British researchers are now urged to make their research more policy relevant and more accessible. Our universities have laid on a veritable smorgasbord of seminars, awards and competitions, advice-giving support staff, social and other media training and even some funding, all designed to help us to get with the agenda – the public engagement and impact agenda that is. Using the notion of manufacture, a term which like its closed cousin fabrication, has both positive and sometimes negative connotations, I will explore what kind of game this is. I will ask how researchers in education might become kindly disposed to the engagement and impact agenda – or not.
In answering this question I will take three steps.
I will first of all canvass the ways in which the hierarchical relations between academic and school based researchers were (re)produced and contested in the post-war period. It is important to remember, I will argue, progressive policy interventions that supported practitioner research and action inquiry and more grassroots educational reform projects that created space and time for dialogue across the university-school divide.
Secondly, I will consider the ways in which the relatively stable power relations between university and school teachers are moving, and have been moved, since the late 1980s. For instance, policy-preferred school-based teacher education has come together with policy-promoted research for ‘evidence’, in which teachers are implementers of ‘what works’. At the same time, a rapid expansion of the school teacher publishing market and the growth of educational social media movements, school teacher bloggers and twitter celebrities has occurred. Teacher unions have come together with renewed and coordinated clout. I will suggest that these changes demand very careful and ongoing critical analysis and theorisation, as well as active participation. Reflexive scholarly practices are more important than ever in this context.

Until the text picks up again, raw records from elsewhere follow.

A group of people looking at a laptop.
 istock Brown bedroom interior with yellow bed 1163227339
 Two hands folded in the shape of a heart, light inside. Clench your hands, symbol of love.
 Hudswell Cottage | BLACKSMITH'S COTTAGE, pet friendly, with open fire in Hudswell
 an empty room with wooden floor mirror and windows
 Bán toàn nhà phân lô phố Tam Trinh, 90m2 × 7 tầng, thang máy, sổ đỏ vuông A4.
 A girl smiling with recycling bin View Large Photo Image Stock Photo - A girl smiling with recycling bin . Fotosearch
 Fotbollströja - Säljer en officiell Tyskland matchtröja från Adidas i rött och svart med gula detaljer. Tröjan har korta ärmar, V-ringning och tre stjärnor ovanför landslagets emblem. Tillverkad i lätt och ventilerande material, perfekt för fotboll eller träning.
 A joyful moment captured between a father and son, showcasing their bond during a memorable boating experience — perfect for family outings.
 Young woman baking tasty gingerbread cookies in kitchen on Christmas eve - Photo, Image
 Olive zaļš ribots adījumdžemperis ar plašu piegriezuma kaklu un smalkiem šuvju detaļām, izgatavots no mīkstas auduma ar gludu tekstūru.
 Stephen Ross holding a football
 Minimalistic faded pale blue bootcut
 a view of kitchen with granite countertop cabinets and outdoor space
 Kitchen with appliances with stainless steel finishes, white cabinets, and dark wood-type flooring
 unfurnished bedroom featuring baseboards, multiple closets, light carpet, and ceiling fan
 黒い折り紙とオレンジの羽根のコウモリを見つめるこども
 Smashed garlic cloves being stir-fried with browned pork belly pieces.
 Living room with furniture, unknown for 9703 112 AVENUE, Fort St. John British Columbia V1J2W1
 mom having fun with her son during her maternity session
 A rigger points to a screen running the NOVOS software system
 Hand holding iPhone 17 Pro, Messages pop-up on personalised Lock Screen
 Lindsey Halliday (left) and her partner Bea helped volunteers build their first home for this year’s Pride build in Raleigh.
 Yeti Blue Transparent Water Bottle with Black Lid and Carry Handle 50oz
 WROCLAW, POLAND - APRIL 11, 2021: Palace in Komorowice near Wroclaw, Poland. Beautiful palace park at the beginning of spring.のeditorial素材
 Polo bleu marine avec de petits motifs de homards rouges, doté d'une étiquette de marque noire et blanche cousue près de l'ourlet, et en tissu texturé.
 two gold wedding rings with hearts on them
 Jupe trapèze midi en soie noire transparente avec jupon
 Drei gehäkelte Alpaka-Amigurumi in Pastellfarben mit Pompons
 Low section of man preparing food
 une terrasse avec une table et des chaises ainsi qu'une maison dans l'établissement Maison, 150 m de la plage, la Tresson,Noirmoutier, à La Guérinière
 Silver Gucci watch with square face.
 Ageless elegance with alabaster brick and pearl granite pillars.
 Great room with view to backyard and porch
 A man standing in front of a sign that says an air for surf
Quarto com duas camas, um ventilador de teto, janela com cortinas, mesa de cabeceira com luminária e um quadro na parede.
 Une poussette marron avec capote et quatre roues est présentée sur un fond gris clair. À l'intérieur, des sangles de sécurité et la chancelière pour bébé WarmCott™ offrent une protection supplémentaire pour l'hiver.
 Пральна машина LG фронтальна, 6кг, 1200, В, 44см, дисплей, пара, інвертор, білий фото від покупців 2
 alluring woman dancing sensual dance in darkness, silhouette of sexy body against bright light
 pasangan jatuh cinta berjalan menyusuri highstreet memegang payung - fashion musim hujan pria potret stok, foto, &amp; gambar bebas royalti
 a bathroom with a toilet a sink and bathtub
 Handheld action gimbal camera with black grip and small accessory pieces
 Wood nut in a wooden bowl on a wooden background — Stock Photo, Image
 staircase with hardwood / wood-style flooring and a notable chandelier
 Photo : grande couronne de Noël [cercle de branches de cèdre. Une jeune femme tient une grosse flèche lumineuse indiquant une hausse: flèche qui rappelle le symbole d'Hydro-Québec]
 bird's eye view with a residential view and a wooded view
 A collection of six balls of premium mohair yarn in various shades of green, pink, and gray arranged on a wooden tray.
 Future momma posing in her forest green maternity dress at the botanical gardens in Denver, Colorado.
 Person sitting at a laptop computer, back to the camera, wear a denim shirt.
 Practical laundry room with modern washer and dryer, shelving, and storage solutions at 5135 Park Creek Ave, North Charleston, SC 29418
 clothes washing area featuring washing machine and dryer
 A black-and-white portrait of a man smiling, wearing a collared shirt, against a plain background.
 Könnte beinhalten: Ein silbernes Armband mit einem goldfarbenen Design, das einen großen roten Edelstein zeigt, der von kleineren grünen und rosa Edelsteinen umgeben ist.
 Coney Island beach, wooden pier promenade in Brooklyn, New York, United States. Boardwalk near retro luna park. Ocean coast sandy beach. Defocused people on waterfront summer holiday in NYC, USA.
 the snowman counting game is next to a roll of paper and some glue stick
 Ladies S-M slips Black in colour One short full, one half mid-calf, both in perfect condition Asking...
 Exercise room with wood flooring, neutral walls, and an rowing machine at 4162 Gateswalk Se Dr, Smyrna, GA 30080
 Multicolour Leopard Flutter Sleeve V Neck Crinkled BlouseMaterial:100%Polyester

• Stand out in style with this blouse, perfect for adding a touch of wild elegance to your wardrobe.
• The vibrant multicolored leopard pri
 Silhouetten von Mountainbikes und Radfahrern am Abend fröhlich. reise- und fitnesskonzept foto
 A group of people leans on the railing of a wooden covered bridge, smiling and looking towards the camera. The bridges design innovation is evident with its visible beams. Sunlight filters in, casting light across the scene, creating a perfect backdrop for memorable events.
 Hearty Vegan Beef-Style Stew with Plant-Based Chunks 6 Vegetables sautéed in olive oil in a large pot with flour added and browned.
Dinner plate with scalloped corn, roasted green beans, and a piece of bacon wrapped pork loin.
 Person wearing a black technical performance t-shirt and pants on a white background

Thirdly and finally, I will explore what this changed education field means for both securely and precariously employed educational researchers who not only want their research to make a difference, but must also deal with the engagement and impact agenda at the same time. Using examples from my own and other colleagues’ research, I will suggest that there are pleasures and positives in the current situation, but pitfalls aplenty. As both educational expertise and educational experts are seen as both problem and solution there is perhaps, I will conclude, a more urgent need than ever for alliances across institutional boundaries. How, I will ask, is that already happening, and what else might be done?